Pandas version checks

  • [X] I have checked that this issue has not already been reported.

  • [X] I have confirmed this bug exists on the latest version of pandas.

  • [ ] I have confirmed this bug exists on the main branch of pandas.

Reproducible Example

import pandas as pd
import numpy as np
pd.options.mode.dtype_backend = 'pyarrow'

df = pd.DataFrame({
    'tags': pd.Series([1,1,1,2,2,2,3,3,3,4,4,4,5,5,5],dtype='int64[pyarrow]'),
    'value': pd.Series(np.random.rand(15),dtype='double[pyarrow]')
    })

result1 = df.groupby('tags')['value'].transform(lambda x: x.sum())
print(result1.dtype)
result2 = df.groupby('tags')['value'].transform('sum')
print(result2.dtype)

result3 = df.groupby('tags')['value'].apply(lambda x: x.sum())
print(result3.dtype)
result4 = df.groupby('tags')['value'].apply('sum')
print(result4.dtype)

Issue Description

Currently having a look at the RC for my current work project. I noticed when using the lambda function with groupby together with apply or transform the dtype changes from double[pyarrow] back to float64.

Expected Behavior

I'd expect that we consistently get the same datatype

Installed Versions

2.0.0rc0

Comment From: mroeschke

Thanks for the report. For a UDF (e.g. custom lambda function) passed into transform/apply/agg, if the dtype isn't specified by the UDF, the dtype needs to inferred, and numpy dtypes are still the default implementation returned from inference.

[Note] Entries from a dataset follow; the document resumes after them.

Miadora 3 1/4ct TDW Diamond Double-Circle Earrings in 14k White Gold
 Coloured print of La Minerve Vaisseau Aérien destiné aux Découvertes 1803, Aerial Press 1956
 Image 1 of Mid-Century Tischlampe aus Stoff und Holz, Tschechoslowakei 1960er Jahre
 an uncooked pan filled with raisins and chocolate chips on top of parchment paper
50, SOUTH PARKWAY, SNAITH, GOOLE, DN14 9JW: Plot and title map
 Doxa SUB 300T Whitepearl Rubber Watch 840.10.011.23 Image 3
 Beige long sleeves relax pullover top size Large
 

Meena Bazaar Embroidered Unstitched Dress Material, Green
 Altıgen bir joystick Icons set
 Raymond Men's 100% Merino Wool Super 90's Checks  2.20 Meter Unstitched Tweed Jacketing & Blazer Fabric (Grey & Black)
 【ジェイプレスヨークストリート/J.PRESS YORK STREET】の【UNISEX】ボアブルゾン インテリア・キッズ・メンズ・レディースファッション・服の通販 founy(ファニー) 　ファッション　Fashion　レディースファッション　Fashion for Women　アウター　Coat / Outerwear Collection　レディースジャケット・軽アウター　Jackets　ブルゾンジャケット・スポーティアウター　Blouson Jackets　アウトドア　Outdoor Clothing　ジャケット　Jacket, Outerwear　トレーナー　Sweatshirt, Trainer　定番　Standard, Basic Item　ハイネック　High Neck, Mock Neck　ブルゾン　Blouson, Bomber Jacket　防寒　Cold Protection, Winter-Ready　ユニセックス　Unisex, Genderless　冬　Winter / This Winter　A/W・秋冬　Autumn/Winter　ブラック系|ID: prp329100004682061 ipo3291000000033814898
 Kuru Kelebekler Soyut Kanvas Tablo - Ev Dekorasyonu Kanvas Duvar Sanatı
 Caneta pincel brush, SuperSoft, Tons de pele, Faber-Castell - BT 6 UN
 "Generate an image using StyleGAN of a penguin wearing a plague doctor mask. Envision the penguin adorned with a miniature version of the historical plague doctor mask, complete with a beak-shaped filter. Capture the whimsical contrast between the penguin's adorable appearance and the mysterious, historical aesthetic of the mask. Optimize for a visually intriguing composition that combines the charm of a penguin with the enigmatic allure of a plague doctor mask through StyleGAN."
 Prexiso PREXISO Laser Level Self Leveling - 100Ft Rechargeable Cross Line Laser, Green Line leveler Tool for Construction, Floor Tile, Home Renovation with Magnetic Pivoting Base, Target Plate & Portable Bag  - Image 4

This will be solved once pandas DataFrame/Series constructors can return pyarrow dtypes from inference. We plan to add this as a keyword in a future version, but for this case a global option will probably be needed

Comment From: jbrockmendel

There's a lot going on here. apply, transform, and agg have different expectations about what kind of output they see, and corresponding different paths for inference. But they don't enforce those expectations xref #51445. In this case, transform doesn't do any inference internally bc it expects UDFs to return results that already have a dtype, whereas the UDF here returns a scalar.

-1 on a constructor keyword, xref #51846. The idiomatic way to do this is with maybe_cast_pointwise_result as close as possible to the UDF call.

xref #49163 for pyarrow dtype inference on UDF

Comment From: jbrockmendel

On main the transform examples are still float64 but the applys are double[pyarrow]. As i mentioned above, nothing we can do on the transform cases. Closing as complete.